Data segment |
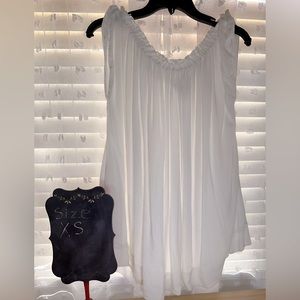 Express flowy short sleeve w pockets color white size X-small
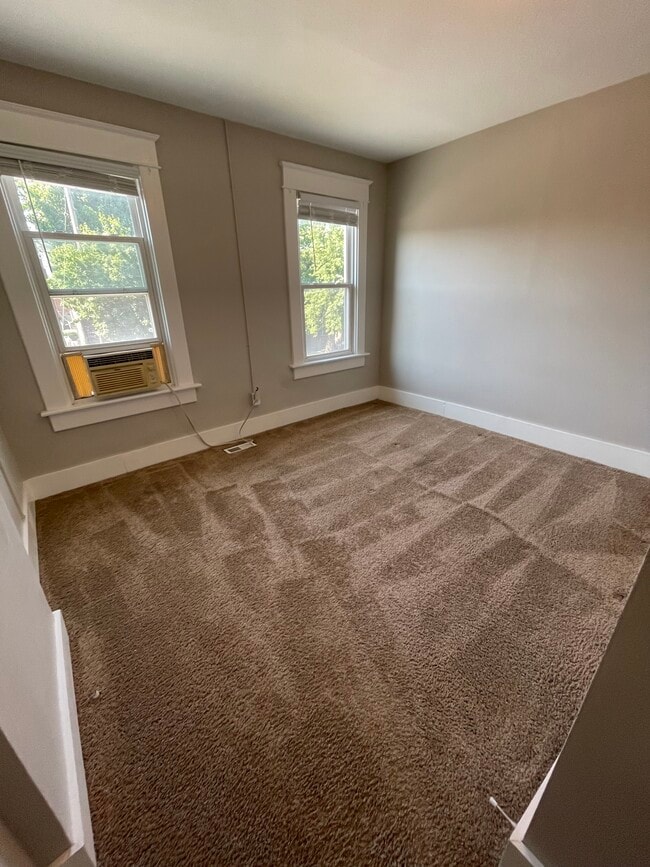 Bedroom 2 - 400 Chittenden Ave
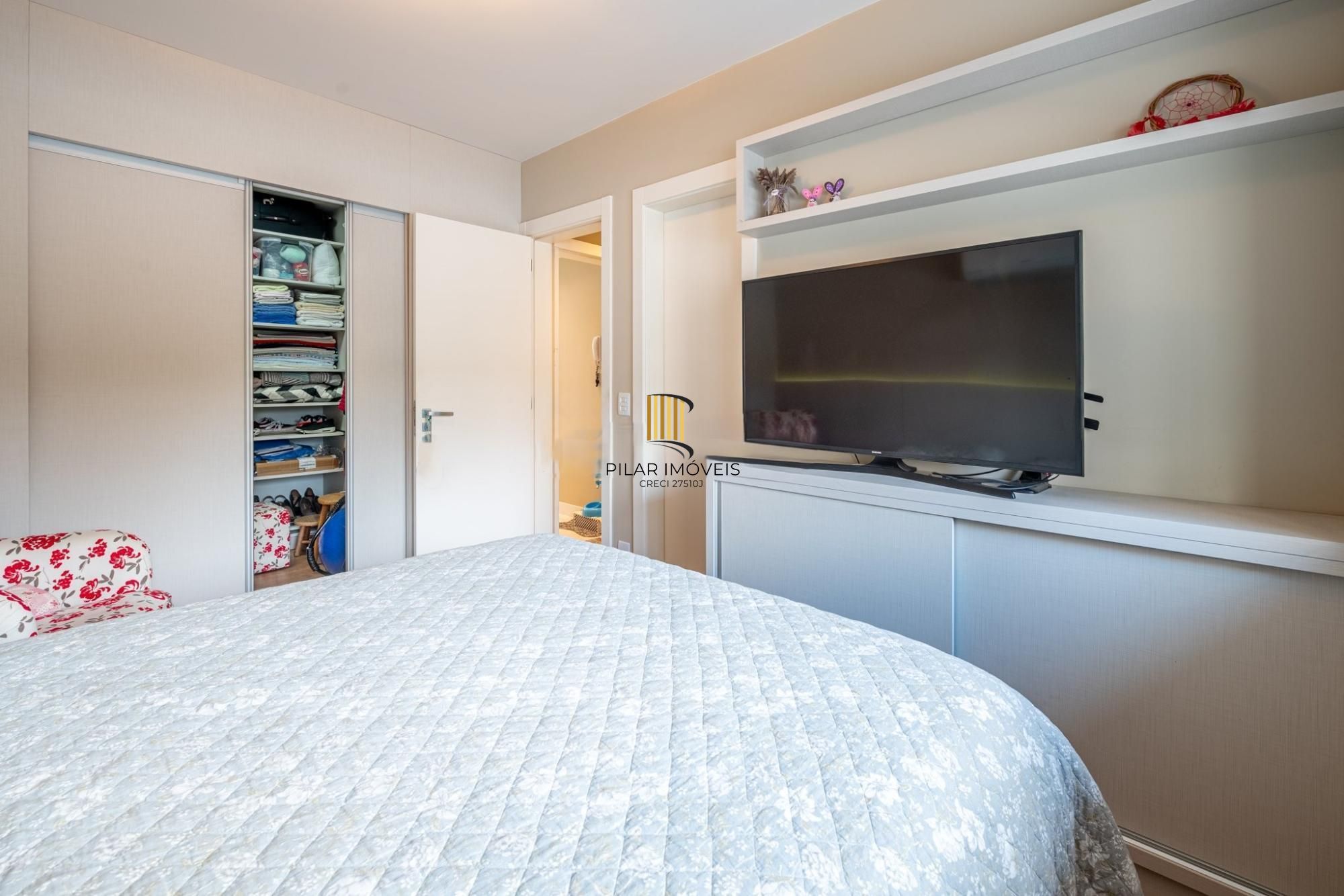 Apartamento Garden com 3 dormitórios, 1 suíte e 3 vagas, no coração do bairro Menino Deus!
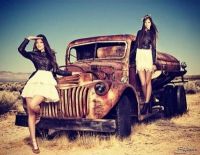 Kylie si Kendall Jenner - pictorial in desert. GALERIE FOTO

Problem requirements |
Return the full set of lines above word for word and with no pictures.

Task output |
 Express flowy short sleeve w pockets color white size X-small
 Bedroom 2 - 400 Chittenden Ave
 Apartamento Garden com 3 dormitórios, 1 suíte e 3 vagas, no coração do bairro Menino Deus!
 Kylie si Kendall Jenner - pictorial in desert. GALERIE FOTO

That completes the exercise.